Propositions 60 and 90 Transfer of Base Year Value for Persons Age 55 and Over
Effective April 1, 2021, Proposition 19 provisions potentially affect the former base year value transfers for persons age 55 and over that were added by Propositions 60 (1986) and 90 (1988). Please visit the Proposition 19 webpage for more information on the operative base year value transfers for persons age 55 and over.
Propositions 60/90 amended section 2 of Article XIIIA of the California Constitution to allow a person who is over age 55 to sell his or her principal place of residence and transfer its base year value to a replacement dwelling of equal or lesser value that is purchased or newly constructed within two years of the sale. These propositions are implemented by Revenue and Taxation Code section 69.5.
Proposition 60 allows for the transfers of a base year value within the same county (intracounty). Proposition 90 allows for the transfers of a base year value from one county to another county in California (intercounty) if the county has authorized such a transfer by an ordinance.

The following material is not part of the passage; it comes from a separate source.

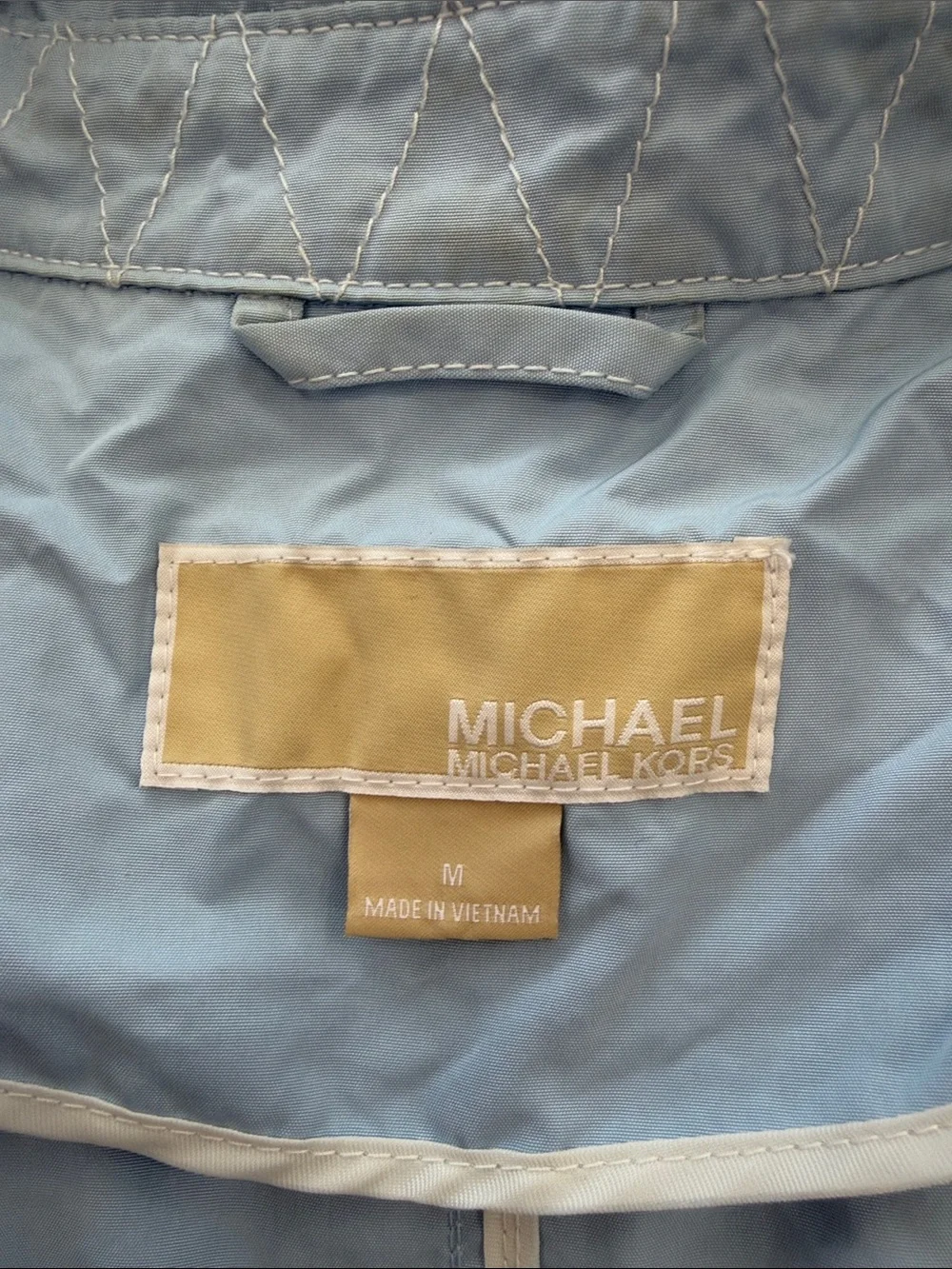 Michael Kors Light Blue Hooded Utility Jacket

As of November 7, 2018, the following ten counties in California have an ordinance enabling the intercounty base year value transfer:
|Riverside||San Bernardino||San Diego|
|San Mateo||Santa Clara||Tuolumne|
Eligibility Requirements for Propositions 60/90:
You, or a spouse residing with you, must at least 55 years of age when the original property is sold.

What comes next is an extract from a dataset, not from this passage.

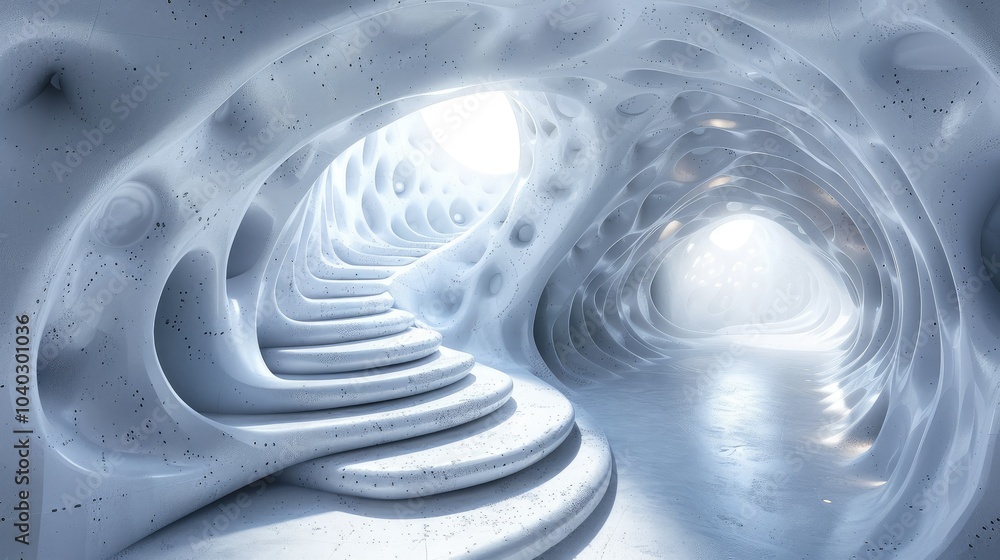 Poster abstract render of a futuristic building concept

This is a one-time only benefit. Once you have filed for and received this tax relief, neither you nor your spouse who resides with you, can ever file again, even upon your spouse’s death or if the two of you divorce. However, if you become disabled after receiving this tax relief, you may transfer the base year value of your personal residence a second time due to the disability, which involves a different claim form (see Proposition 110).
Your original property must eligible for the Homeowners’ Exemption or Disabled Veterans’ Exemption either at the time it was sold or within two years of the purchase or construction of the replacement property.

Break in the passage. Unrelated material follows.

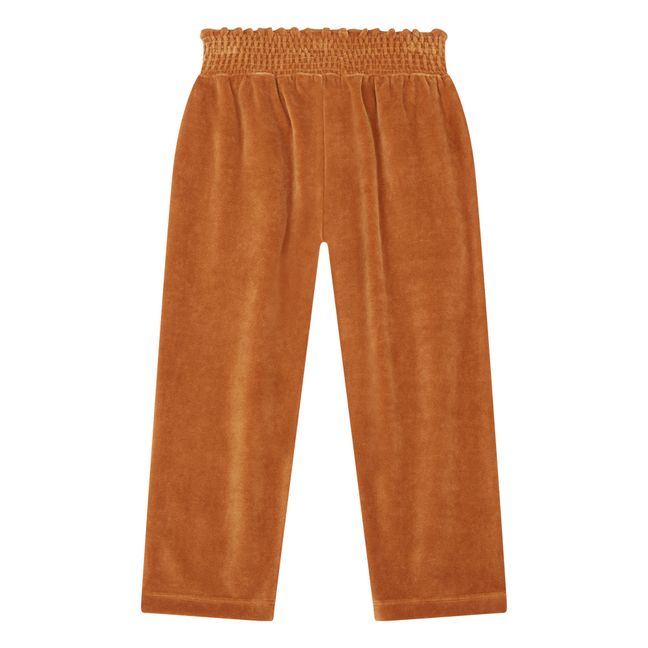 Pantalon Fille Carrotte Elastiqué à la Taille en Velours | Noisette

The original property must be subject to reappraisal at its current fair market value at the time of sale.
The replacement property must be your principal residence and must be eligible for the Homeowners’ Exemption or Disabled Veterans’ Exemption
The replacement property must be of “equal or lesser value” than the original property.
In general, equal or lesser value means:
100% or less of the market value of the original property if a replacement property were purchased or newly constructed before the sale of the original property, or
105% or less of the market value of the original property if a replacement property were purchased or newly constructed within the first year after the sale of the original property, or
110% or less of the market value of the original property if a replacement property were purchased or newly constructed within the second year after the sale of the original property.
Note: When making the “equal or lesser value” test, it is important to understand that the market value of a property is not necessarily the same as the sale or purchase price.
The replacement property must be purchased or built within two years (before or after) of the sale of the original property
File a Claim
To receive retroactive relief from the date of transfer, you must file your claim within three years of:
The purchase date of the replacement property; or
The new construction completion date of the replacement property.
If a claim is filed after the three-year period, relief will be granted beginning with the calendar year in which the claim was filed.
Who is considered a claimant for Propositions 60/90?
Question: I am over 55, but my wife is not yet 55. Is she considered a claimant for benefits of Proposition 60? What about other co-owners?
Answer: A claimant is any person claiming Proposition 60/90 property tax relief. A claimant must be an owner or co-owner of the original property as a joint tenant, a tenant in common, or a community property owner. A spouse of the claimant is also considered a claimant if the spouse is a record owner of the replacement dwelling (and thus must provide his/her social security number on the claim).
An owner of record of the replacement property who is not the claimant’s spouse is not considered a claimant, and a claim filed for the property will not constitute use of the one-time-only exclusion by the co-owner even though that person may benefit from the property tax relief.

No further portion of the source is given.